[PLUG] The house bill, a possible problem...

david pool dpool at hevanet.com
Sun Aug 24 10:26:02 UTC 2003


Carla Schroder wrote:

> David's absolutely right. When IT staff are freed from the Sisyphean task of 
> keeping winduhs "working", that releases money and resources for other 
> projects. Instead of being in repair mode all the time, it is possible to 
> move forward, and to make improvements. Buy new hardware, do major upgrades 
> and overhauls, work on user interfaces, wireless, better security, user 
> training.... there's all kinds of good things you can do when you're not in 
> constant crisis mode.
> 
> And believe it or not, windows admins can learn Linux. It's a lot shorter leap 
> than training former loggers and fishermen to 'do computers.'
> 

Carla's absolutely right. And she used a metaphor from Greek mythology 
to make her point. So she scores double by my count.

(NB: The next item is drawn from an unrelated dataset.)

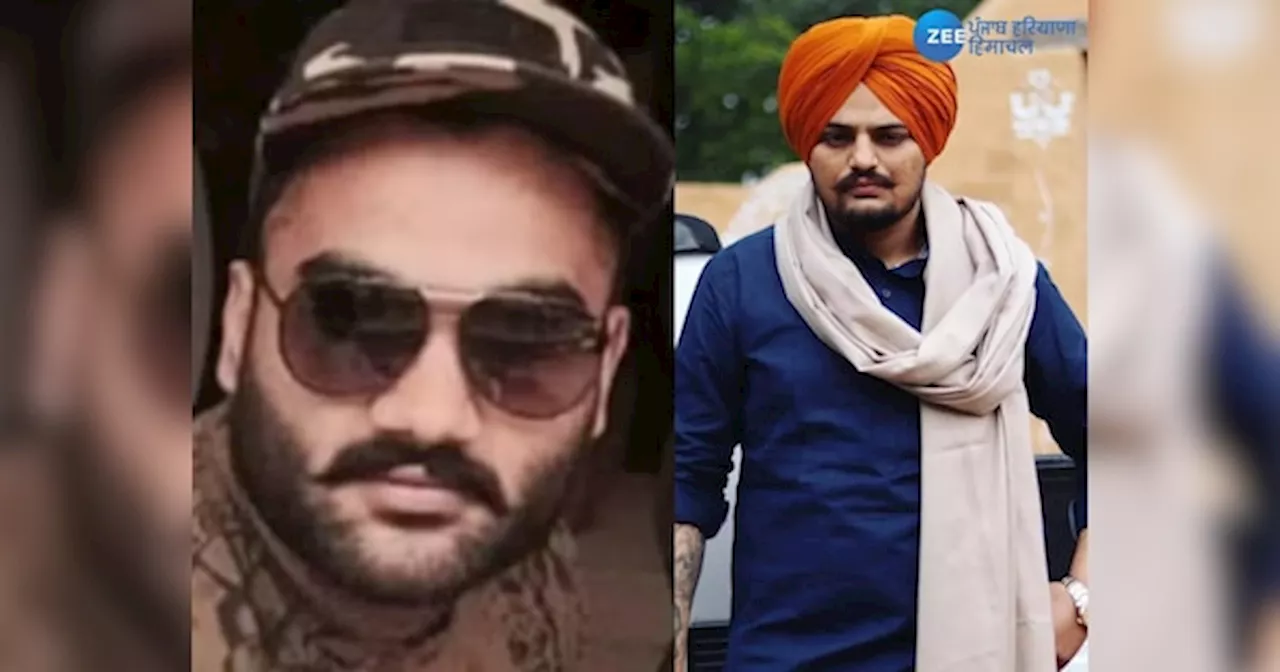 Goldy Brar Death News: ਕਿਸ ਨੇ ਮਾਰਿਆ ਜਿਉਂਦਾ ਗੋਲਡੀ ਬਰਾੜ, ਜਾਣੋ ਪੂਰੀ ਸਚਾਈ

She's right about windows admins having the capacity to learn too. Many 
of the proprietary systems out there are reasonably good at letting 
people start into the learning curve. "Ease of Use" is helpful if you 
are a beginner.

Unfortunatly, many of those systems don't pull off the other half of 
"make the easy stuff easy and the hard stuff possible". By my 
experience, Filemaker Pro was a fun way to learn about databases, 
scripting, interface design and customer requirements. Then, I began 
bumping my head against the limitations. I briefly migrated to Access 
and ColdFusion before beginning the transitioning to PostgreSQL, Perl 
and Template Toolkit.

My point is that yes, I believe we should help out with the migration of 
people who are bumping their heads on MS product limitation. 
Unfortunatly, many of them won't switch without a fight. I see no point 
in fighting. They'll figure it out eventually, and when they do, there 
will be a migration path worn in the ground for them by the people who 
went before them (and who have a head start because they figured it out 
earlier or went along without a fight).